Per e-roll entry, create a PersonEvidence object linked to a person profile:

  • sourceType: "e-roll"
  • year: e.g. 2011
  • constituency: "X Assembly Constituency"
  • partNumber: "Part 123"
  • serialNumber: "456"
  • nameAsWritten: "R. MUTHUSAMY"
  • relationNameAsWritten: "Ramasamy"
  • relationType: "father" | "husband" | "mother" | "other/unknown"
  • ageRecorded: 45
  • sexRecorded: "M" / "F" / other
  • houseNoRecorded: "12A"
  • voterId: "ABC1234567" (if present)
  • confidence: "high" | "medium" | "low" match to your person.

This lives as a source for that person, not as the person itself.

6.2. Household cluster: who shared the address

For each unique combo of:

  • year,
  • partNumber,
  • houseNoRecorded,

group the entries. That’s your voter-household:

  • householdId: internal
  • year: e.g. 2011
  • addressLabelRaw: e.g. "12A, East Street"
  • personLinks[]: list of e-roll persons at that address.

In TamizhConnect, you can:

  • show who was together at that time,
  • track which siblings/relatives split from which household,

and map this onto your internal household model.

6.3. Address timeline

From multiple years:

  • 2004: Person X at Old Village
  • 2011: Person X at Town Y
  • 2019: Person X not on roll; children appear in City Z.

Construct an AddressHistory for each person:

  • addressEvents[]:
    • year: 2004, place: Old Village, source: "e-roll 2004"
    • year: 2011, place: Town Y, source: "e-roll 2011"
    • year: 2019, place: City Z, source: "e-roll 2019 (children)", note: “Parent likely migrated/died.”

Don’t guess exact move years – use ranges:

  • “between 2004 and 2011”.

7. A minimal, sane workflow for using e-rolls without drowning

Here’s a straightforward approach that doesn’t require you to become an election-office archivist.

Step 1: Pick 1–2 core locations

Start with:

  • native village / ooru,
  • main city area where your branch concentrated.

Download 2–3 e-roll years for those places (spaced 5–10 years apart).

Step 2: Extract only known family names first

Instead of indexing entire rolls:

  • search within PDFs (if possible) for your surnames / stems,
  • or manually scan where you know the street/ward.
  • Pull out rows that obviously belong to your people.

Enter into a spreadsheet with:

  • Year, Part, Serial, Name, RelationName, RelationType, Age, Sex, HouseNo, VoterID.

Step 3: Map to existing profiles in TamizhConnect

For each row:

  • match to a person profile based on:
    • name pattern,
    • father/husband name,
    • approximate age,
    • known address.

If there’s ambiguity:

  • flag as unresolved; don’t force it.

Add each as a source record to that person.

Step 4: Build address and household snapshots

From that extracted subset:

  • group by year + house number to form voter-households,
  • see which relatives appear together,
  • note address changes across years.

Overlay on your migration timeline:

  • “This is roughly when this branch shifted from ooru to town / city.”

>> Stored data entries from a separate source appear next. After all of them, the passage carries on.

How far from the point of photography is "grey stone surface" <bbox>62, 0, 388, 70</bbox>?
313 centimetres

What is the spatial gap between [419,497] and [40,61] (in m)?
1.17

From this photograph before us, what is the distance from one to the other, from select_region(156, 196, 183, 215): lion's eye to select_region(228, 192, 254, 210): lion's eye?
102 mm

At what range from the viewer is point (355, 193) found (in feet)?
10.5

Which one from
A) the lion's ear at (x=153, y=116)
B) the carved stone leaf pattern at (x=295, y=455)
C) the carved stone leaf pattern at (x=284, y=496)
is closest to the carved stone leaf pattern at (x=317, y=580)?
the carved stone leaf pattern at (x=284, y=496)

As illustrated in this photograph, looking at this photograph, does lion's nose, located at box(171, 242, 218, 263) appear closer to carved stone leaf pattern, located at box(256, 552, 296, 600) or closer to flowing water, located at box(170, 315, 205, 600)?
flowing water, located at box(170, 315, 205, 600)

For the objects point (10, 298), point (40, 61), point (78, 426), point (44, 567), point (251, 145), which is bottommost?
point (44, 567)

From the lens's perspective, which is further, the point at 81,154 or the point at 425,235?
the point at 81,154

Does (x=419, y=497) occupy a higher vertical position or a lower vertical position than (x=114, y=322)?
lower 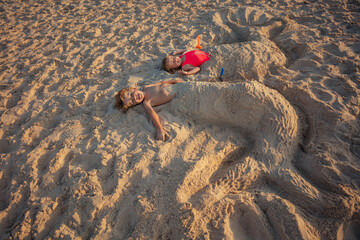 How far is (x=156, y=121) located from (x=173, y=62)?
1.26 meters

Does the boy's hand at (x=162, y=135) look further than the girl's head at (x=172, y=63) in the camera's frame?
No

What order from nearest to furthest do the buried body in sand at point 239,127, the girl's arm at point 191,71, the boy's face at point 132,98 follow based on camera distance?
the buried body in sand at point 239,127
the boy's face at point 132,98
the girl's arm at point 191,71

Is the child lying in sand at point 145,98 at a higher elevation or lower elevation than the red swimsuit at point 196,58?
lower

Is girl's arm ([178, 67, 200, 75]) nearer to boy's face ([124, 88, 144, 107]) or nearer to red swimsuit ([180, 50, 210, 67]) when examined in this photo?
red swimsuit ([180, 50, 210, 67])

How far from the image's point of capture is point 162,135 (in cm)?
224

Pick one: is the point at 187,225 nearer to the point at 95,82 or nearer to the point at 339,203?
the point at 339,203

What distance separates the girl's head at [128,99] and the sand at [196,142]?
0.12 metres

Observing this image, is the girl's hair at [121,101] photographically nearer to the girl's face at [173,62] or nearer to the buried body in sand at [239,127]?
the buried body in sand at [239,127]

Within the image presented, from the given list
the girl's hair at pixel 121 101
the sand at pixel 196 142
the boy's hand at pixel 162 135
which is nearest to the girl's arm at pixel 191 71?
the sand at pixel 196 142

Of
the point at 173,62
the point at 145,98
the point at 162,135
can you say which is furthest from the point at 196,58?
the point at 162,135

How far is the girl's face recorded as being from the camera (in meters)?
3.14

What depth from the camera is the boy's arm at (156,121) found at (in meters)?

Step 5: Use e-rolls to check myths

Once you have a small sample in TamizhConnect, use it to challenge stories like:

  • “We only came to Chennai after 2000.” (But roll shows them in 1993.)
  • “So-and-so never left the village.” (But roll says otherwise.)
  • “X never lived separately from parents.” (Multiple addresses say they did.)

Log corrections as notes and timeline updates.
Don’t cling to stories when the data contradicts them.


If you treat e-rolls as “just boring government PDFs”, you’re ignoring a cheap, dense timeline of your family’s adult lives.

If you treat them as what they actually are:

  • frequent, messy, honest snapshots of who was old enough to vote, living roughly where, with whom,

and model them properly in TamizhConnect, they become one of the sharpest tools you have for:

  • pinning addresses to years,
  • tracking migration step-by-step,
  • and catching gaps in your oral narratives long before they become permanent myths.